* [PROBLEM DETAILS] Pictures excluded, copy word for word the lines from the one holding "School, Bookstore, Home" through the last line below.
——————
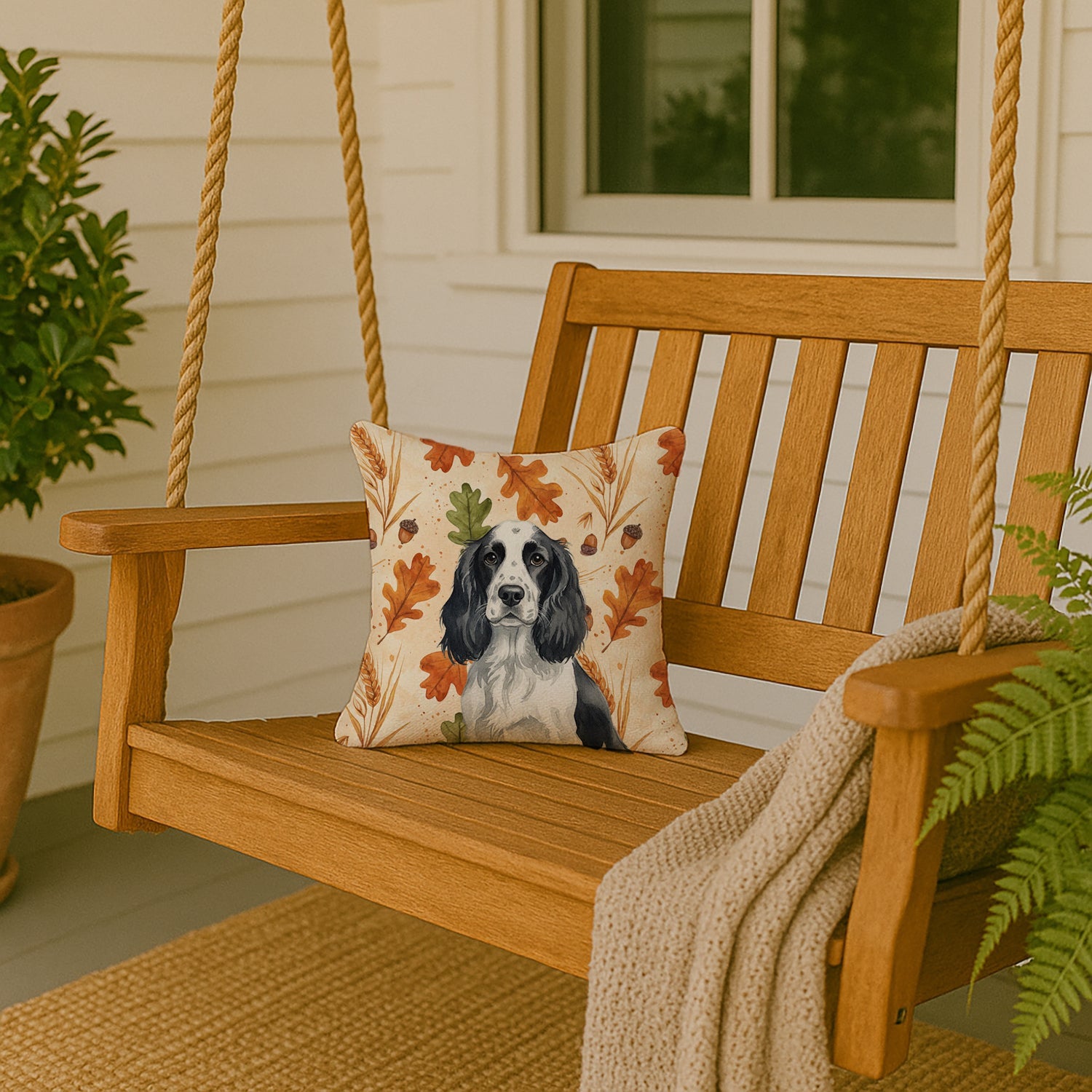 Black and White English Springer Spaniel Heirloom Fall Decorative Throw Pillow 14x14 Indoor Outdoor Accent Cushion, Fabric Cover with Insert for Sofa, Bed, Porch & Living Room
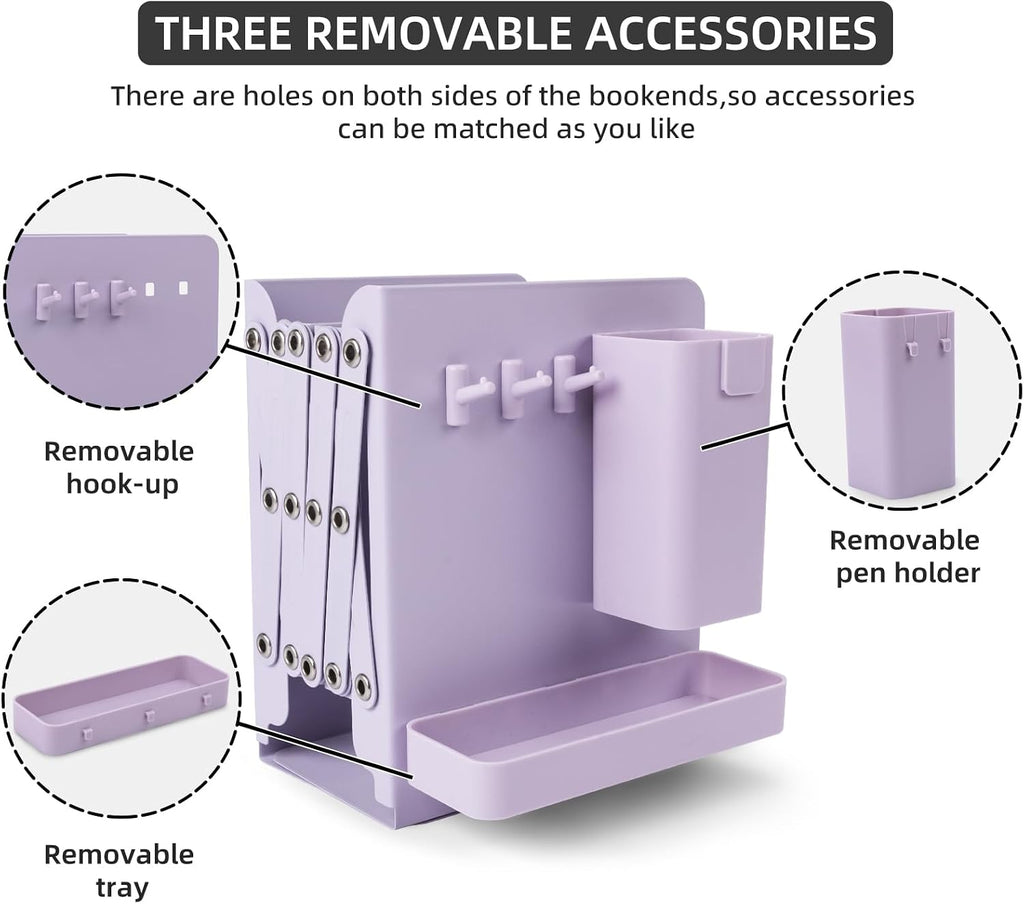 Adjustable Bookends, 19" Metal Book Ends for Heavy Books, 2 Dividers Bookends with Removable Pen Holder, Tray, and 3 Hook-up, Book Organizer for Office, School, Bookstore, Home
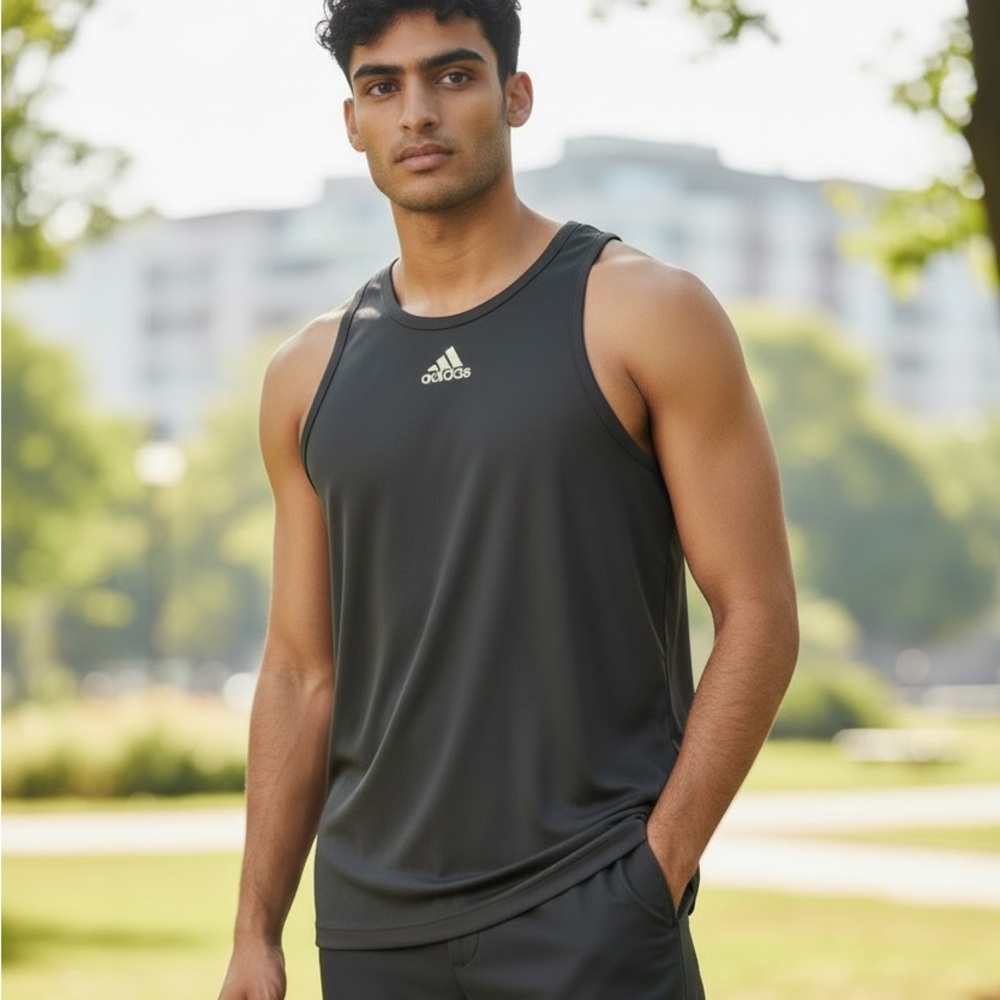 Adidas 3G Black Men's Athletic Training Tank Top with White Logo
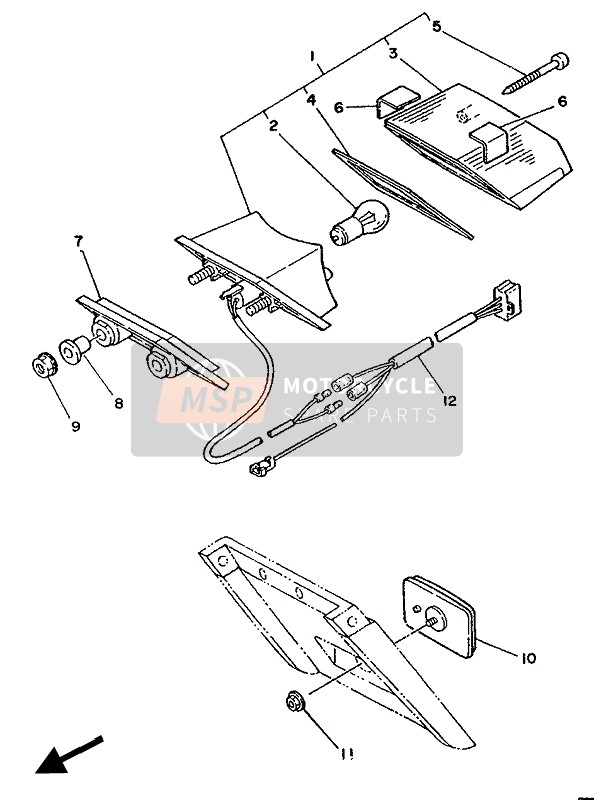 Yamaha TDR250 1990 RÜCKLICHT für ein 1990 Yamaha TDR250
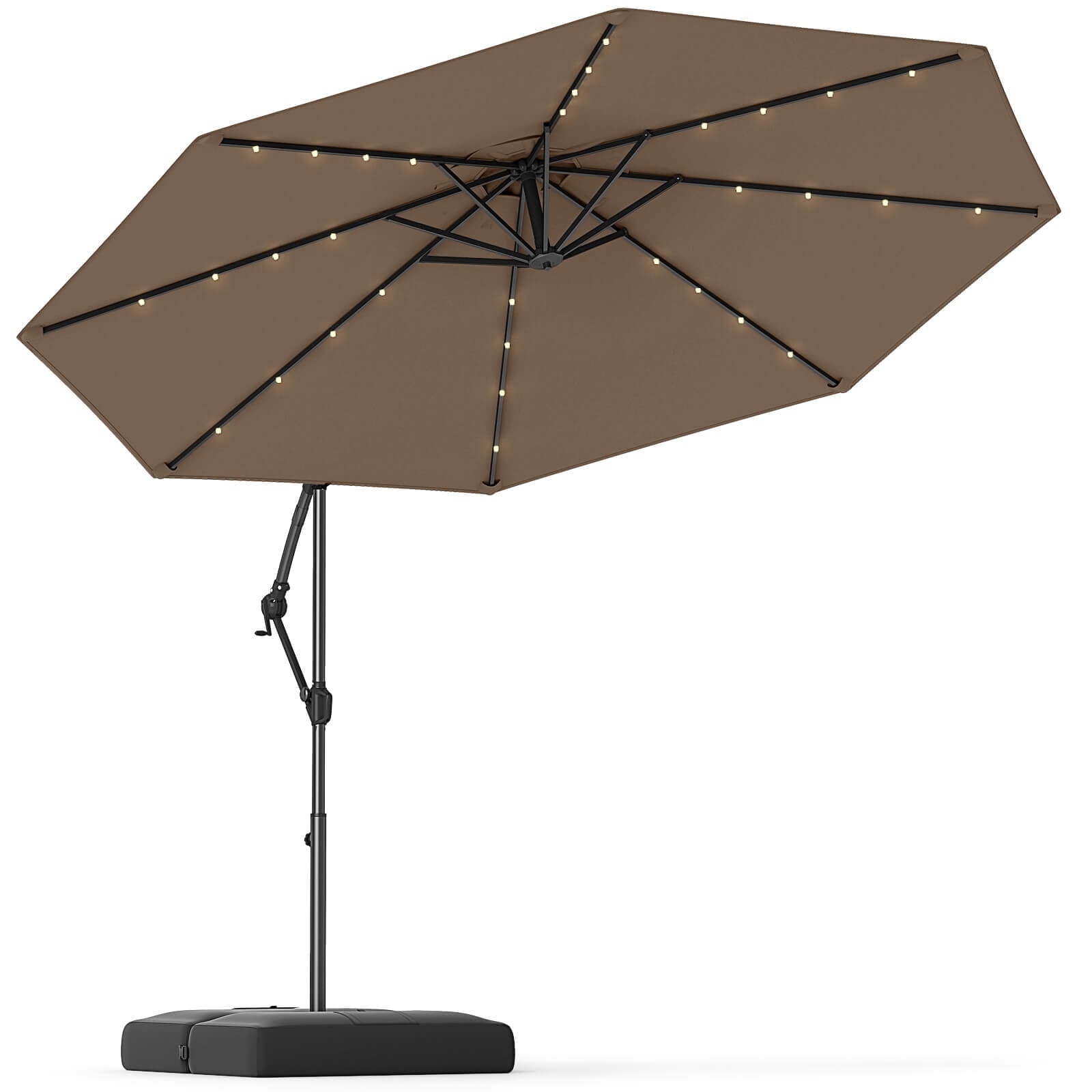 Costway 10 FT Solar Offset Hanging Umbrella Patio Cantilever Umbrella with 32 LED Lights Brown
——————
* [RESPONSE BOX]
 Adjustable Bookends, 19" Metal Book Ends for Heavy Books, 2 Dividers Bookends with Removable Pen Holder, Tray, and 3 Hook-up, Book Organizer for Office, School, Bookstore, Home
 Adidas 3G Black Men's Athletic Training Tank Top with White Logo
 Yamaha TDR250 1990 RÜCKLICHT für ein 1990 Yamaha TDR250
 Costway 10 FT Solar Offset Hanging Umbrella Patio Cantilever Umbrella with 32 LED Lights Brown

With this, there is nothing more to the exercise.